**Aim of the exercise:**
Copy exactly the stretch of lines from the one holding "biel em entrevista pós bahia x athletico" through the last line of the data below, inclusive. Leave out pictures.

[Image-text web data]
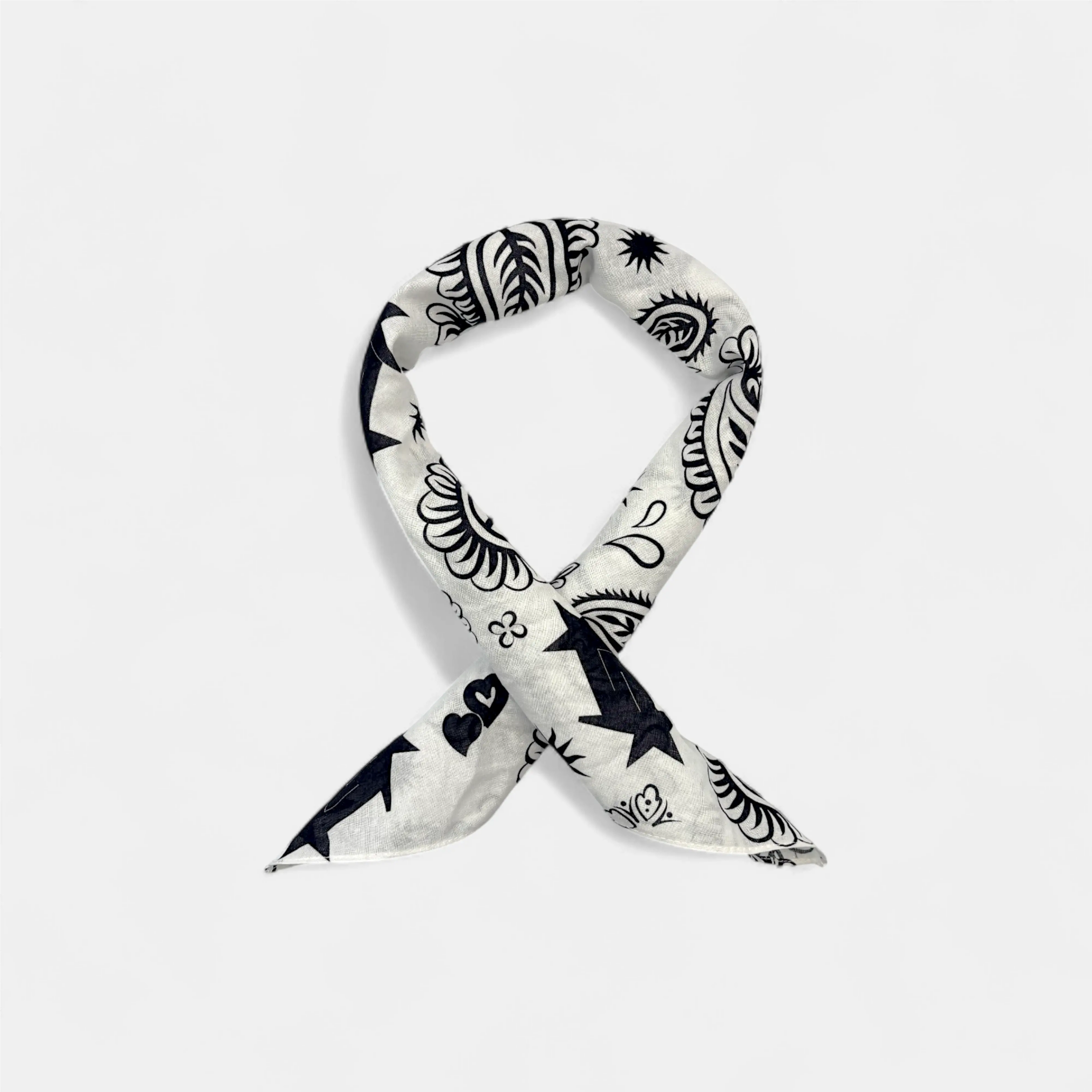 WHITE SKØR PAISLEY SKØR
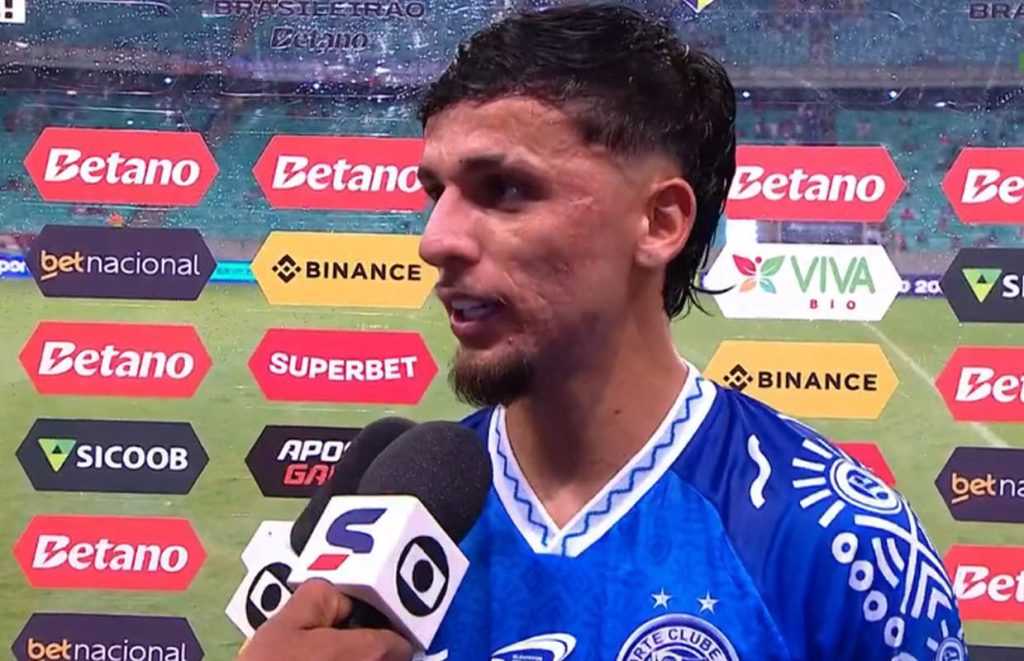 biel em entrevista pós bahia x athletico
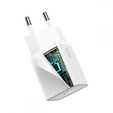 Baseus Super Si QUICK CHARGER PD20W Ładowarka + Kabel Lightning - White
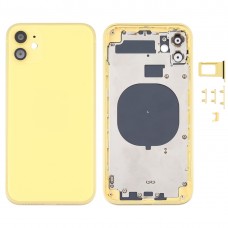 Back Housing Cover with Appearance Imitation of iPhone 12 for iPhone 11(Yellow)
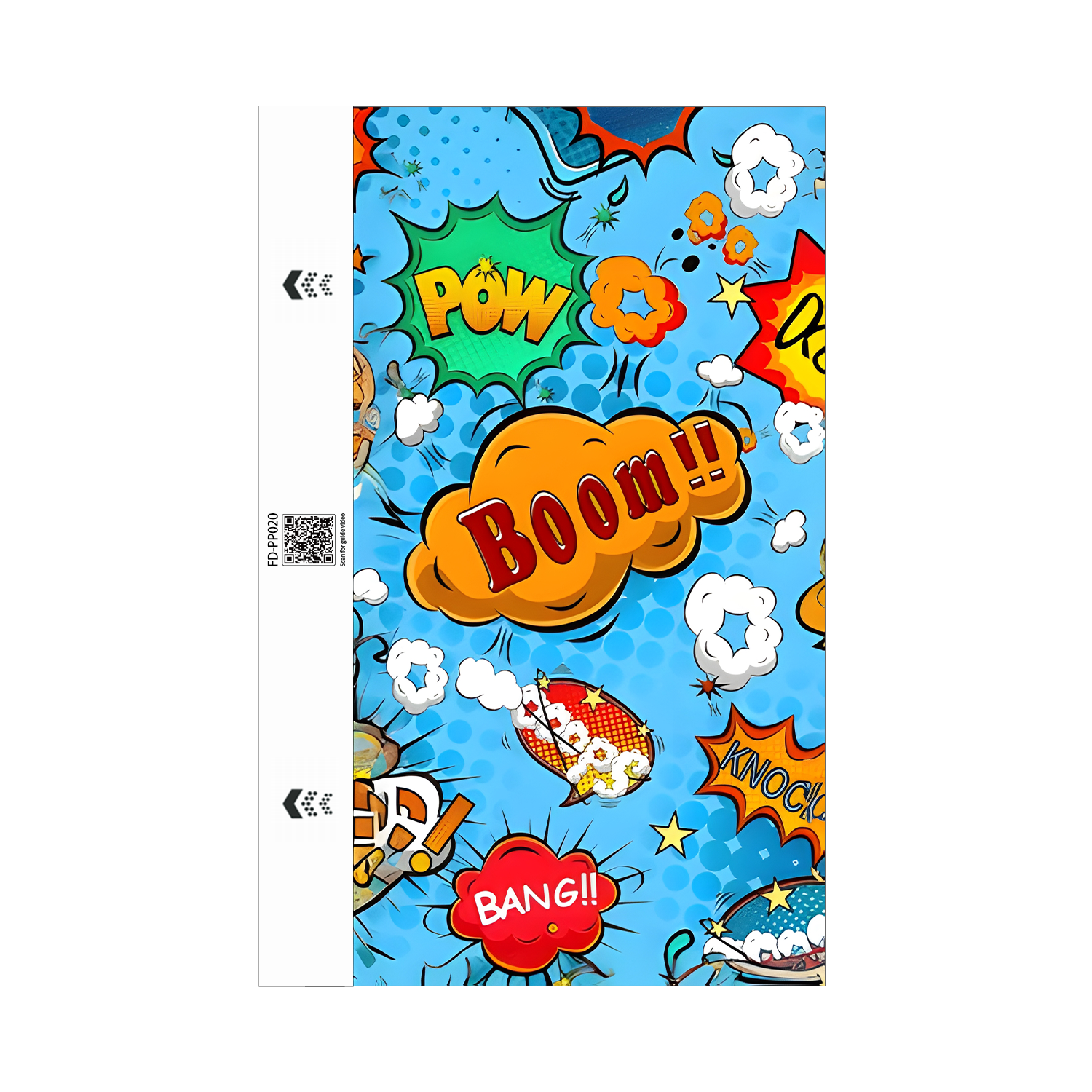 3RVie Pre-Designed Grafitti Vibes back film (25PCS/BOX) image 0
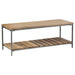 Five Star Furniture - Gerbera Accent Bench with Slat Shelf Natural and Gunmetal image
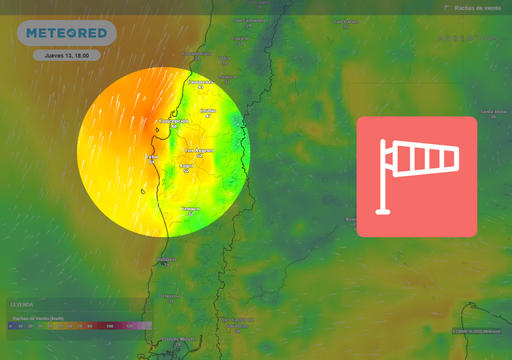 Viento Puelche de 60 km/h y temperaturas cercanas a los 30 °C el jueves: el tiempo para Chile centro sur por Meteored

**Answer for this exercise:**
 biel em entrevista pós bahia x athletico
 Baseus Super Si QUICK CHARGER PD20W Ładowarka + Kabel Lightning - White
 Back Housing Cover with Appearance Imitation of iPhone 12 for iPhone 11(Yellow)
 3RVie Pre-Designed Grafitti Vibes back film (25PCS/BOX) image 0
 Five Star Furniture - Gerbera Accent Bench with Slat Shelf Natural and Gunmetal image
 Viento Puelche de 60 km/h y temperaturas cercanas a los 30 °C el jueves: el tiempo para Chile centro sur por Meteored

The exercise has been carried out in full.